WHAT IS NEEDED → When you reach the line that contains "Peridot Briolette Necklace", begin copying exactly and continue through the last line below. Do not copy pictures.

Brief descriptive captions →

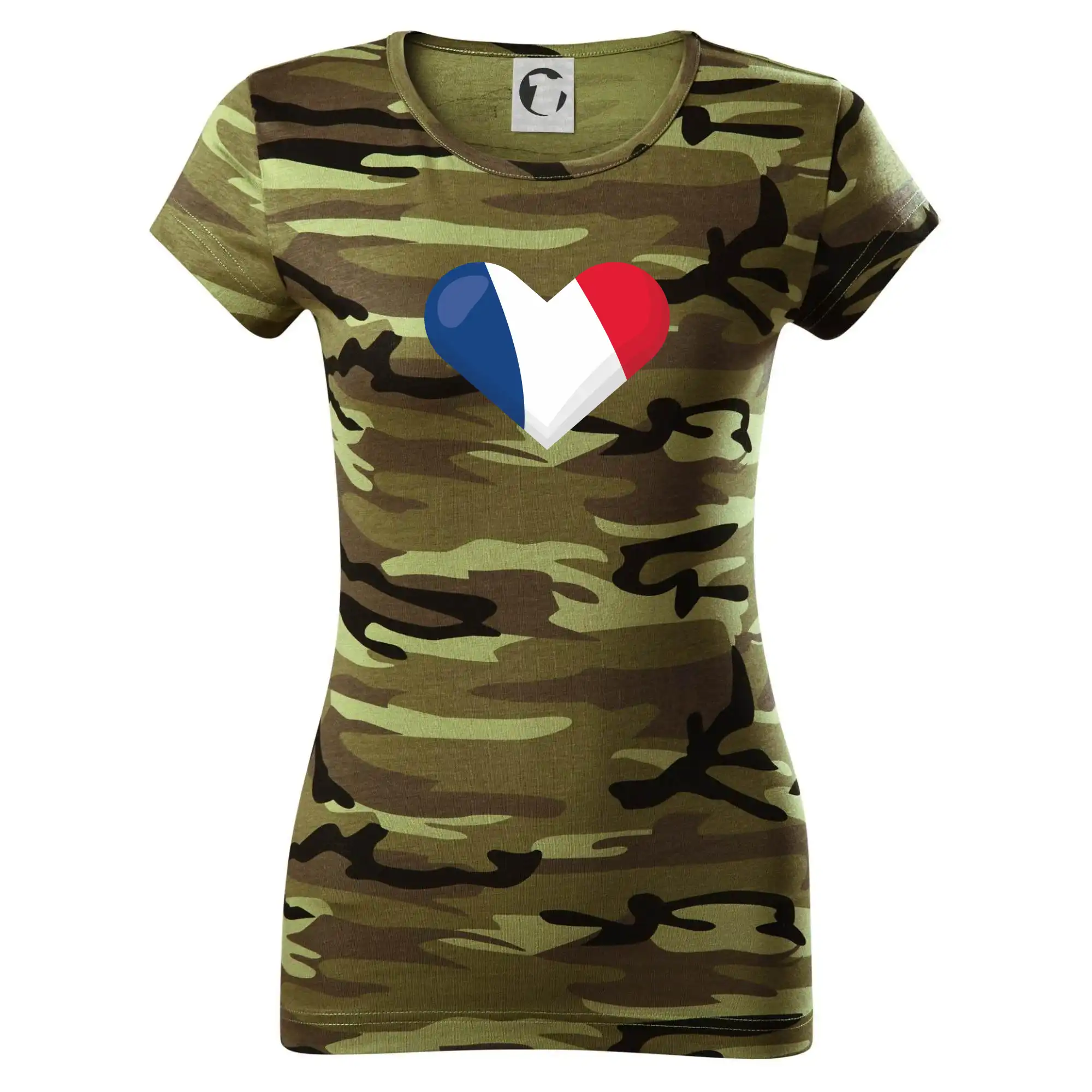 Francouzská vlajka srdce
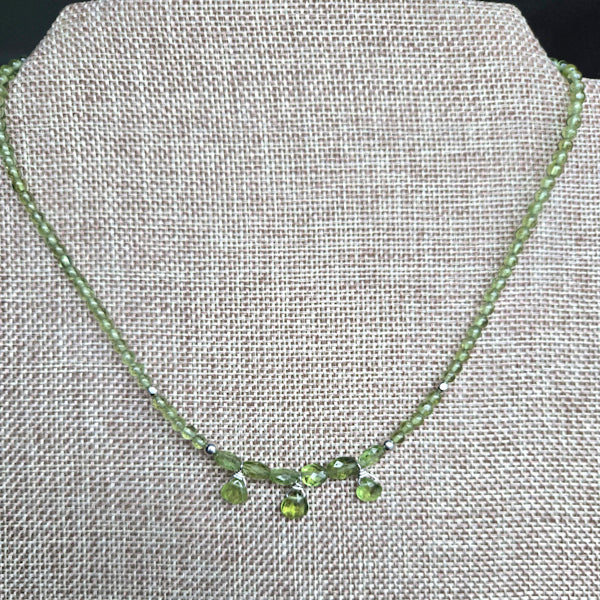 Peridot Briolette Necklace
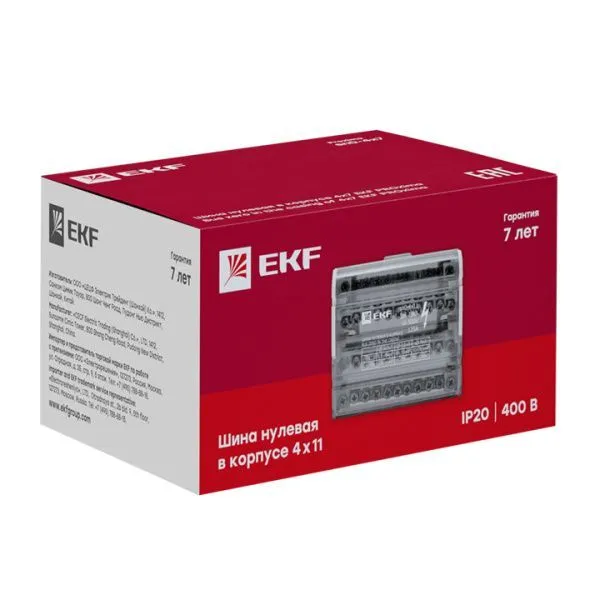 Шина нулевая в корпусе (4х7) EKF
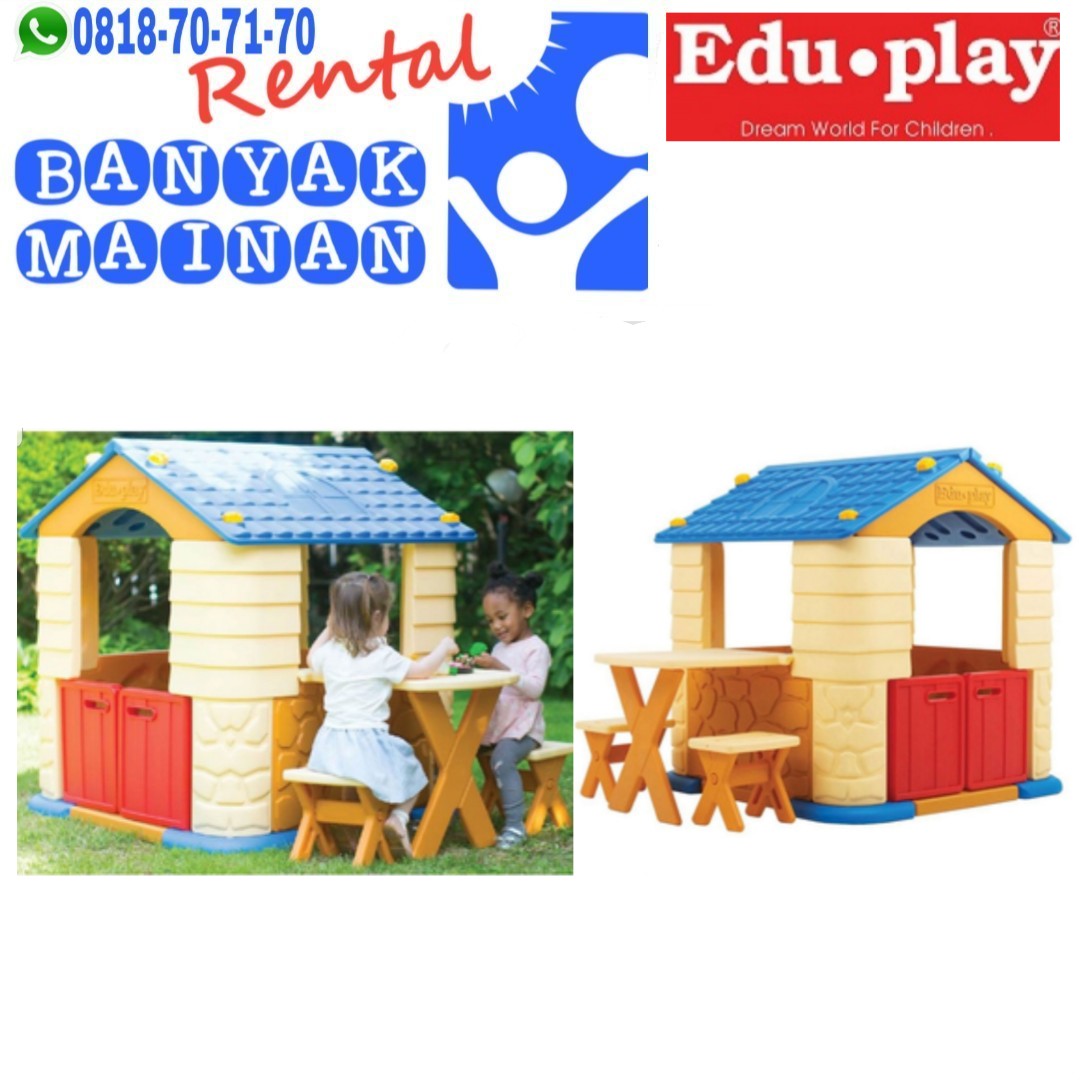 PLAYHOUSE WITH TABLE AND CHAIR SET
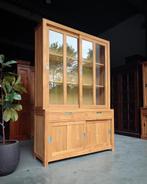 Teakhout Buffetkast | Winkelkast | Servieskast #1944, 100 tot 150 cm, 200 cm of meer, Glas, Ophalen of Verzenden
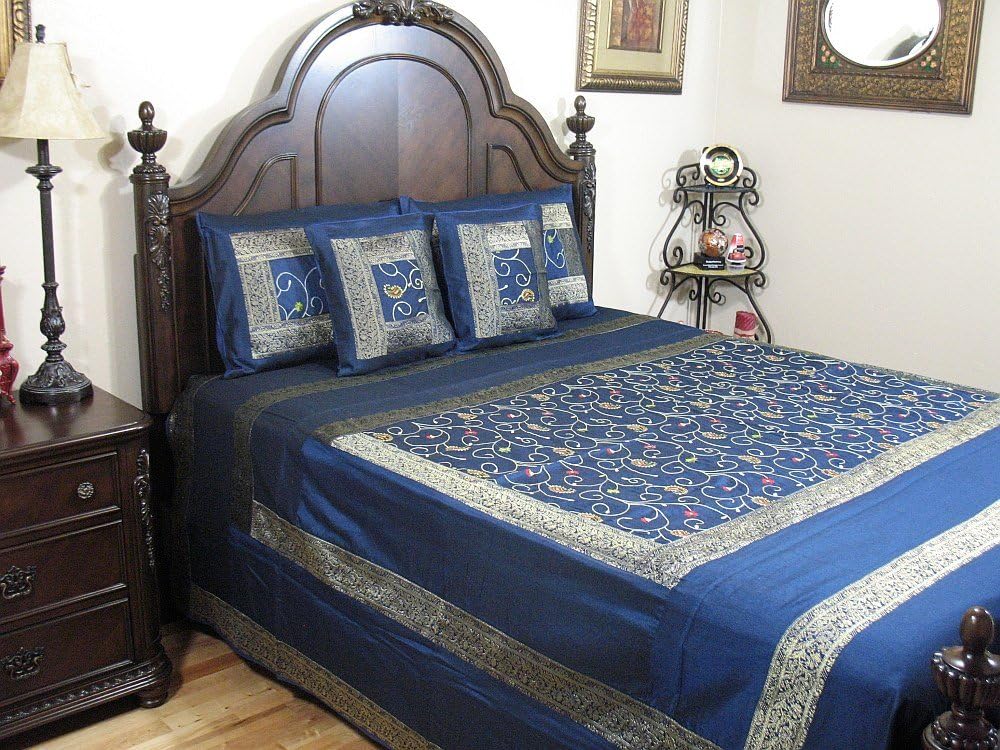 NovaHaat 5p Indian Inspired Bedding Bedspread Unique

OUTPUT BELOW →
 Peridot Briolette Necklace
 Шина нулевая в корпусе (4х7) EKF
 PLAYHOUSE WITH TABLE AND CHAIR SET
 Teakhout Buffetkast | Winkelkast | Servieskast #1944, 100 tot 150 cm, 200 cm of meer, Glas, Ophalen of Verzenden
 NovaHaat 5p Indian Inspired Bedding Bedspread Unique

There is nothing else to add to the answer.